Brain injury and intimacy: A gay perspective
G. Ian Bowles was 37 and living in Little Rock, Arkansas in 2001 when his vehicle hydroplaned during a thunderstorm. He slammed sideways into a bridge support and was in coma for six weeks. When he woke up six weeks later, he says he was first confused about where he was, then unsure if his orientation had changed. Was he still gay or had the brain injury somehow altered him? This is his story of life after brain injury and how he and his partner Tim maintained their relationship.
Brain injuries can be extremely difficult for family relationships, especially with regards to spouses or partners. It is one thing when accidents happen and a sibling or child changes in the emotional or cognitive realm. But when that happens to a spouse, it can be devastating. A relationship once built on experience and memory potentially loses much of its foundation. Commitment and long-term love are suddenly much more important than reciprocated affection and immediate enjoyment.
Such concerns can be even more pronounced if the injured person is gay.
My accident happened in the American South, in Arkansas, where I had moved a year prior. When I woke from my six-week coma, one of the first questions that I was asked was where I thought I was. The last place I remembered was being at school, in Pennsylvania, which turned out to be two years earlier. When they started trying to convince me of my location, I thought it was a joke. When they didn’t give up, I thought it was a conspiracy. I remembered that I had been starting to “come out” before the accident. As a gay man, why would I move to Arkansas, of all places? Then snatches of memory started coming back, including the memories of the gay community in the state and my partner. Slowly it dawned on me that they were telling the truth.
When I was first told about my accident and brain injury, I wondered if there had been any effect on my orientation.
I have degrees in pastoral studies from a conservative bible college; they had always told me that being gay was a “distortion” of what men and women were supposed to be. I thought that perhaps through my brain injury, I might have been “fixed.” Up until this point, all of my nurses and my neuro-psychologists had been women. I remember the first time a male nurse came in to change my IV, and he smiled down at me lying in bed. A very normal interaction. I’m sure he doesn’t remember it. But my question was answered. I knew I was still gay.
There were innumerable little examples of embarrassments that stemmed from my orientation. Filters that I had developed over a lifetime of trying to hide my sexuality were no longer working. I would make comments before I realized that the context or the company were inappropriate. Of course such things happen among many brain injury survivors and those who work with us get used to it. But it did raise a few eyebrows when I seemed to be crossing genders.

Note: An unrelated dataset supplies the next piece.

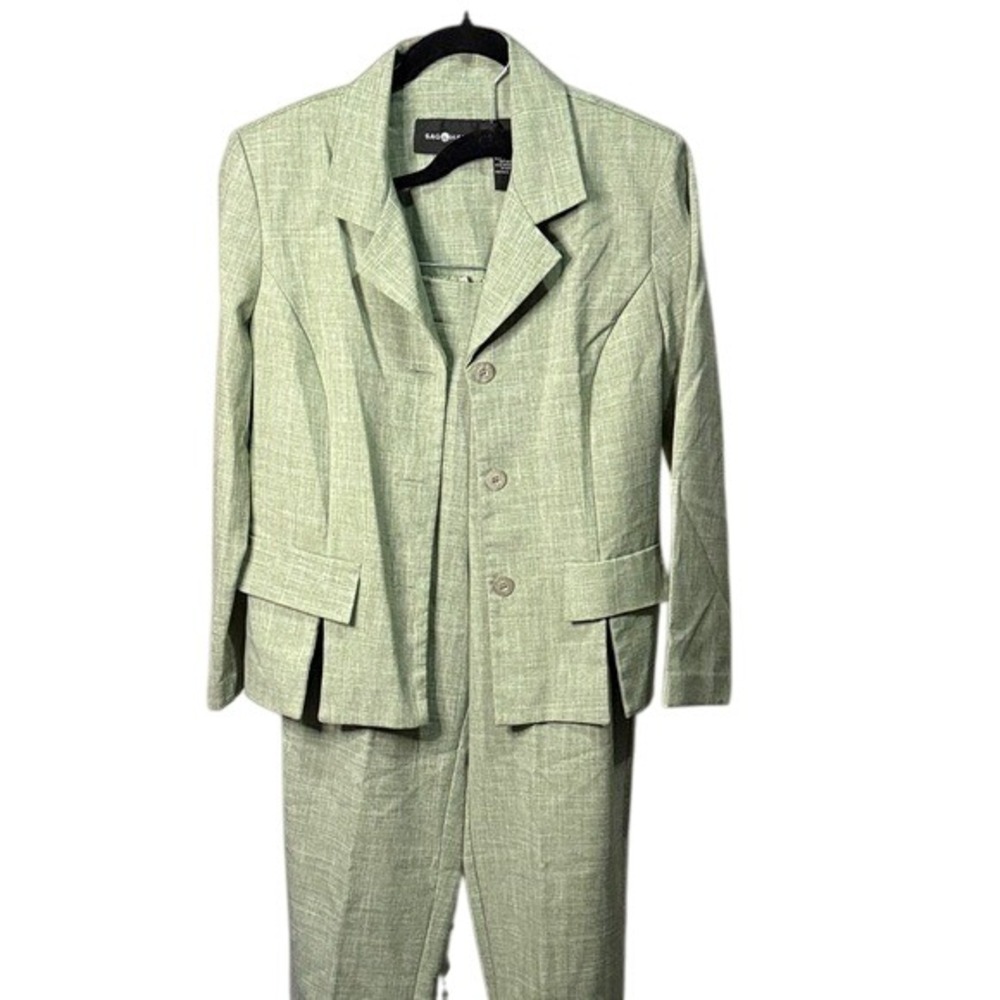 Sag Harbor Dress Suit Set‎ Green Career Interview Work Blazer Pants Size 8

Although this is probably more common in Toronto than it was in Arkansas, it is important to remember that it does potentially add an extra layer of emotion to these interactions, depending on how well the person has accepted his or her own orientation. I effectively “came out” twice: once before the accident, and once afterward. Emotionally, the second time was no easier.

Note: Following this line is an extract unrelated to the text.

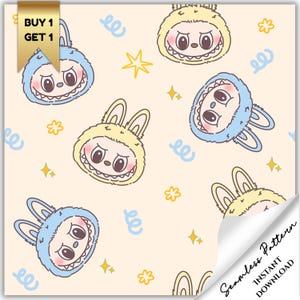 Cute Head Monster Seamless Pattern, Pastel Fantasy Animal Print for Kids, Editable Art for Textiles & Crafts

My now-husband was determined to work through this with me. One of our difficulties, though, was that there were few support systems for our kind of family. Much though our friends and the gay community in Arkansas were enormously supportive, most of them found it difficult to know exactly what to do to be most effective. Eventually we found (or generated) the necessary links for non-traditional relationships. When pressed at such a personal level, people can be much more open than we expect. Support workers were often very happy to offer us assistance, once they overcame their surprise. In many meetings we were the “token gay couple.”
One of the interesting concerns regarding intimacy is the question of exactly what you remember about experiences with your partner. Such interactions are generally very personal. And very precious. As brain-injury survivors, we get used to being able to half-remember events and picking up cues from those around us so that we can respond correctly. It’s hard to admit that we “don’t remember,” and we can often “fake it.” We become adept at absorbing information about the past from current conversation.
But intimate details are not common knowledge, and are rarely discussed in the same kinds of ways. My husband and I got to where we would review personal details about an evening or a weekend that had been particularly important to us. The intent was, and is, to foster memories. I’m fortunate that I’ve always been a photographer and taken a lot of pictures. These are invaluable with regard to reminding me of events… which then stimulate a generation of memories.